When the line containing "Obraz premium centipede" is reached, include it and end there; set down verbatim every line before it, starting at the top of the records.

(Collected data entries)
= = = = = = =

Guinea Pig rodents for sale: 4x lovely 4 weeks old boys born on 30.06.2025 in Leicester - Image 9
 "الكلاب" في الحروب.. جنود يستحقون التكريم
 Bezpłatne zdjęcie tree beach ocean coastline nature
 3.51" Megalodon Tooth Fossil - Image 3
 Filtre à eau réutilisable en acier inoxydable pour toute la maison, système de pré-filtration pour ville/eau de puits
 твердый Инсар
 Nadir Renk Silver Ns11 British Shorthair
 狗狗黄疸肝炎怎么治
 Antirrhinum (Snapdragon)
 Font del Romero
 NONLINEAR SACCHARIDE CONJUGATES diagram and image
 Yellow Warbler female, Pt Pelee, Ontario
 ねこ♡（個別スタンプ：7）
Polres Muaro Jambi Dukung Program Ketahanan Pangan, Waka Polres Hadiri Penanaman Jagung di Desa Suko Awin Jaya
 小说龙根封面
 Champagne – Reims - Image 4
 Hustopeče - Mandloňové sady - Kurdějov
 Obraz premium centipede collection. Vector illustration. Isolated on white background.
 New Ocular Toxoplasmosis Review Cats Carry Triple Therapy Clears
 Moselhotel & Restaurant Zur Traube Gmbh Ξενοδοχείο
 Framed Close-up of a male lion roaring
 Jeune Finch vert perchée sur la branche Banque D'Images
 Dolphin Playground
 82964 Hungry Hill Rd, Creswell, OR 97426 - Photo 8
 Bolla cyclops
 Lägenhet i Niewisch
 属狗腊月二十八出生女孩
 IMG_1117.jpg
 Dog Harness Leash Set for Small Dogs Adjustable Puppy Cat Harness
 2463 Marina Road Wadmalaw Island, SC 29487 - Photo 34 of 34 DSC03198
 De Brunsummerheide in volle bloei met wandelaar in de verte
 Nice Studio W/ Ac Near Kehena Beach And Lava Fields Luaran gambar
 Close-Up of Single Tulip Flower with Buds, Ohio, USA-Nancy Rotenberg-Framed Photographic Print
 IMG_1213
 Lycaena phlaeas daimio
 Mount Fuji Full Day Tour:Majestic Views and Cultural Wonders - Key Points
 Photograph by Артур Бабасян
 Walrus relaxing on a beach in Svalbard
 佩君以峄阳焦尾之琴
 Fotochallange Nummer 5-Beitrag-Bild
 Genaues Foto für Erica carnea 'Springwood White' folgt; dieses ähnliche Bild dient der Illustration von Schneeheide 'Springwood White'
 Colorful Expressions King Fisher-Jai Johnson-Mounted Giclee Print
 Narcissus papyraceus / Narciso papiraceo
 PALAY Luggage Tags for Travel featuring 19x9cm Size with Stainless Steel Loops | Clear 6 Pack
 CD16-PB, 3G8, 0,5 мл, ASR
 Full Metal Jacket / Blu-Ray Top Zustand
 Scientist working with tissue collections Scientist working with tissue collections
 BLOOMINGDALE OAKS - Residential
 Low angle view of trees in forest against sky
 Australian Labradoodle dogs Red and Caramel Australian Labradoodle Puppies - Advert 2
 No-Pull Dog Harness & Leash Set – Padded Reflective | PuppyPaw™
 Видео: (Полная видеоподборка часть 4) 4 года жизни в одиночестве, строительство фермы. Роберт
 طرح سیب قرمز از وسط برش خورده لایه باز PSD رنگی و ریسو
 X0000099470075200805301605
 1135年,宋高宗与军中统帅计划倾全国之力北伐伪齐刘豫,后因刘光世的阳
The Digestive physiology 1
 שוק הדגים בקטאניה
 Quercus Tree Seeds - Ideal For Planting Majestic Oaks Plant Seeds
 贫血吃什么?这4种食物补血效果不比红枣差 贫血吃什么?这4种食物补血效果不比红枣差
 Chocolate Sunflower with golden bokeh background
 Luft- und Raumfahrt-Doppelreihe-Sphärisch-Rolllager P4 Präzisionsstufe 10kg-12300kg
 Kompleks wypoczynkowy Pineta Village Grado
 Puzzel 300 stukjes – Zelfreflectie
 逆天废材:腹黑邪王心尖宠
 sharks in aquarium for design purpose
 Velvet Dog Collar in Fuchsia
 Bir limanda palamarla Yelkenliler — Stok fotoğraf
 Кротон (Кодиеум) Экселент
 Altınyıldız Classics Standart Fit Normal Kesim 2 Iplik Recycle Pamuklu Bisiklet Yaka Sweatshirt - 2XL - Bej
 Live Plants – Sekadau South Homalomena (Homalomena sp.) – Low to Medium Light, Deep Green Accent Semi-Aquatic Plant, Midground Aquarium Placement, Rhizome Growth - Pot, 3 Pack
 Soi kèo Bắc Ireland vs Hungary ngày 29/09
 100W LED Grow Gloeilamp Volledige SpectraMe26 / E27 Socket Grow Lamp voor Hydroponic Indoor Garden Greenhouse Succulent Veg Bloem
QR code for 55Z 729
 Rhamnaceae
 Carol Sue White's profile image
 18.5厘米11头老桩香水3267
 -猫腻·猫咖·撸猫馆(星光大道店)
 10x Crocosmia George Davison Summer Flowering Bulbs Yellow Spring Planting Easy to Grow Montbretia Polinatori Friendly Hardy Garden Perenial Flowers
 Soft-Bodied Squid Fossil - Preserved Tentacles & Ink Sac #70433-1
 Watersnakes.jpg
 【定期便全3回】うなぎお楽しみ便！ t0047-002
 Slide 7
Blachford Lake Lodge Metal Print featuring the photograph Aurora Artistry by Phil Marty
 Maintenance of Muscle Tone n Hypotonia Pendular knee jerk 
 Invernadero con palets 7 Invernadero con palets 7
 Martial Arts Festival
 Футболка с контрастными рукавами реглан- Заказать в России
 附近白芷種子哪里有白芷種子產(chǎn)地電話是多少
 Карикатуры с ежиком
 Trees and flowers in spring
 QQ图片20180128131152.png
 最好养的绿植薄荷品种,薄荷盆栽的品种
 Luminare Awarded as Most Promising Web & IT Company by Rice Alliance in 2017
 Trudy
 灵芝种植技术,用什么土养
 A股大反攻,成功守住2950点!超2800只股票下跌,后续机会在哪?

= = = = = = =

• _Task response_
Guinea Pig rodents for sale: 4x lovely 4 weeks old boys born on 30.06.2025 in Leicester - Image 9
 "الكلاب" في الحروب.. جنود يستحقون التكريم
 Bezpłatne zdjęcie tree beach ocean coastline nature
 3.51" Megalodon Tooth Fossil - Image 3
 Filtre à eau réutilisable en acier inoxydable pour toute la maison, système de pré-filtration pour ville/eau de puits
 твердый Инсар
 Nadir Renk Silver Ns11 British Shorthair
 狗狗黄疸肝炎怎么治
 Antirrhinum (Snapdragon)
 Font del Romero
 NONLINEAR SACCHARIDE CONJUGATES diagram and image
 Yellow Warbler female, Pt Pelee, Ontario
 ねこ♡（個別スタンプ：7）
Polres Muaro Jambi Dukung Program Ketahanan Pangan, Waka Polres Hadiri Penanaman Jagung di Desa Suko Awin Jaya
 小说龙根封面
 Champagne – Reims - Image 4
 Hustopeče - Mandloňové sady - Kurdějov
 Obraz premium centipede collection. Vector illustration. Isolated on white background.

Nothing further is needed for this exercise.